De nombreuses entreprises auraient eu du mal à digérer ces bouleversements successifs. Restructuration, délocalisation, fermeture de site sont souvent monnaie courante, notamment avec la prise de contrôle d'actionnaires étrangers. Le cas de Chaffoteaux et Maury en est le parfait exemple. À la volatilité de son capital, Centigon a répondu par son haut niveau de savoir-faire et surtout par la passion qui anime au quotidien ses 200 salariés. «Le personnel constitue 60% de la valeur de nos produits, confirme Bruno Laurent. Ici, la transmission des compétences s'effectue par compagnonnage. Un ouvrier n'est opérationnel qu'au bout de huit ans. Pas facile dans ces conditions d'imaginer Centigon quitter Lamballe. La principale valeur ajoutée de l'entreprise se trouve, ici, sur son territoire. Et cela n'a pas de prix.» De l'expert en balistique aux plieurs de tôle épaisse, en passant par les monteurs automobiles, Centigon s'appuie sur une kyrielle de métiers, où artisanat et haute technologie se marient à la perfection. Il faut compter entre 12 semaines et un an et demi pour sécuriser un véhicule. «Notre travail consiste à vendre à nos clients une minute de vie supplémentaire.

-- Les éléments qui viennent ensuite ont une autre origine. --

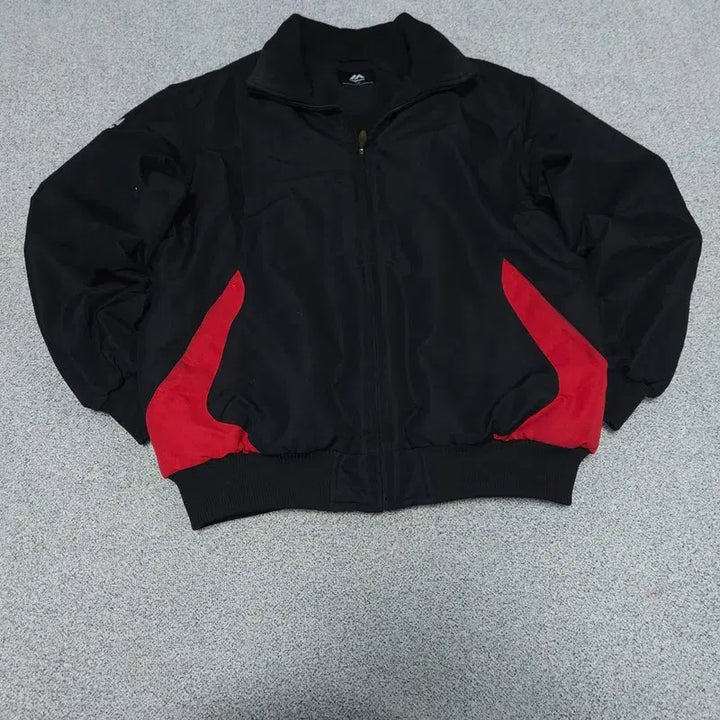 [BUNJANG] Majestic Jumper Jacket / [105] 마제스틱 점퍼 자켓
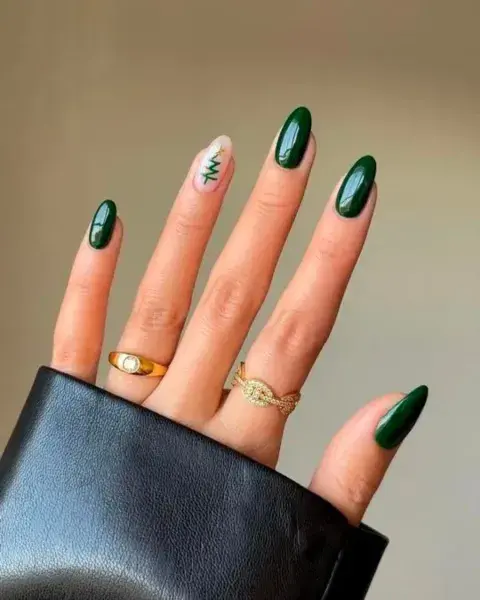 En un tono verde oscuro, el detalle del arbolito en una uña nos pareció genial. En un tono verde oscuro, el detalle del arbolito en una uña nos pareció genial.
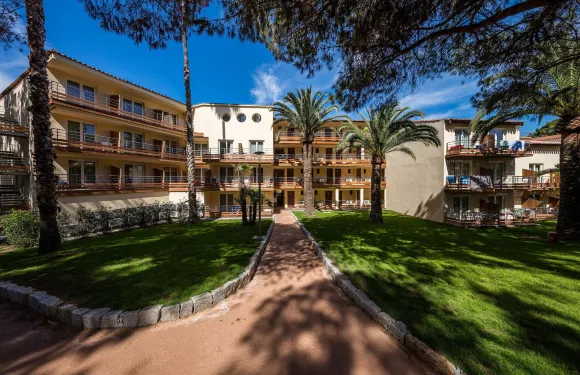 瑪麗娜維瓦俱樂部酒店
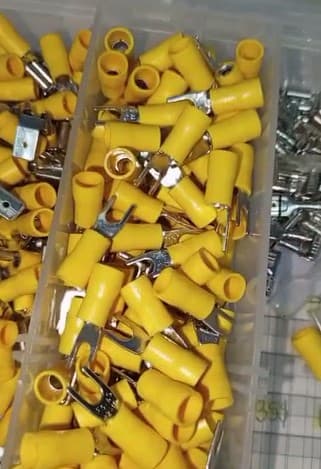 Terminales eléctricos de horquilla (spade)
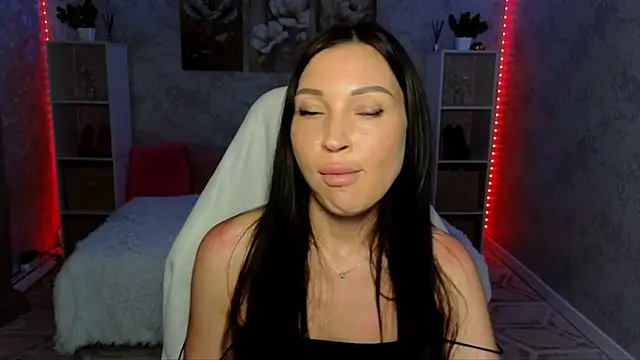 Snapshot of NikoleMills chatting on June 10, 2026, 7:07 am NikoleMills online show from June 10, 2026, 7:07 am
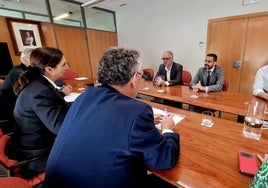 Interior pretende instalar un puesto de actualización de documentación en Llerena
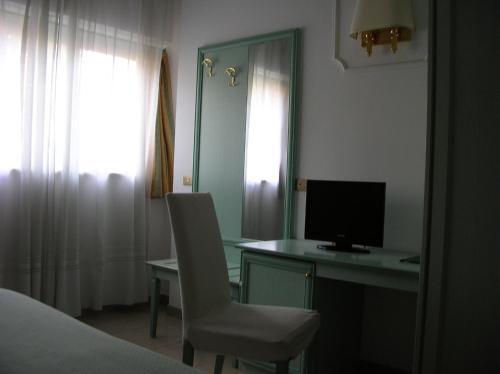 1 dormitorio con escritorio y ordenador. en Chiara Stella, en Roma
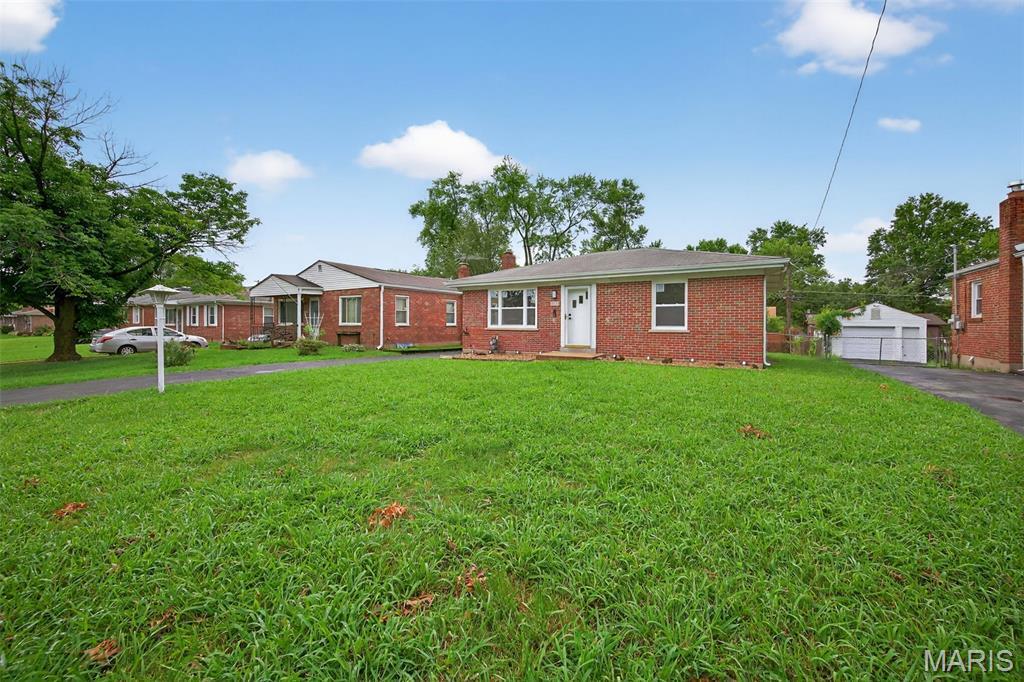Property Photo: 9016 Kathlyn Drive MO 63134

Nos produits doivent à la fois arrêter les balles mais aussi conserver toute leur mobilité. Tout cela sans que l'assaillant potentiel ne puisse identifier que le fourgon ou la berline visés est blindé.»




Travail de R & D

18 personnes travaillent au quotidien au bureau d'études. «La recherche et le développement sont fondamentaux dans notre métier. Il est nécessaire de conserver ce que les Anglo-Saxons appellent le gap, ces trois années d'avance sur la concurrence.» En moyenne, 4% du chiffre d'affaires annuel est injecté en R & D. «Depuis la guerre en Irak, nous focalisons une partie de nos efforts sur la protection contre les explosifs.» Le créneau de «l'entertainment on board», qui inclut entre autres les systèmes de vidéo projection ou les équipements de liaisons satellites, est également suivi avec attention. Tournée à 70% vers l'export, Centigon n'en garde pas moins un oeil avisé sur son environnement proche. Pas pour vendre des voitures mais plutôt pour se positionner en soutien de l'économie locale. Ainsi, dans les 12.000m² de hangars de l'entreprise, on peut actuellement croiser une douzaine de personnes revêtues des uniformes de la carrosserie Labbé. Des visiteurs de passage? Plutôt des ouvriers travaillant pour Centigon dans le cadre d'un contrat de mise à disposition. «À notre manière, nous aidons notre voisin en difficulté. Ses collaborateurs disposent d'un savoir-faire dont nous pouvons tirer partie. En parallèle, cela permet à Labbé de conserver un effectif constant.» Comme quoi, même 12 ans après leur séparation, les liens entre les deux entreprises restent étroits. C'est Fernand Labbé qui doit être heureux.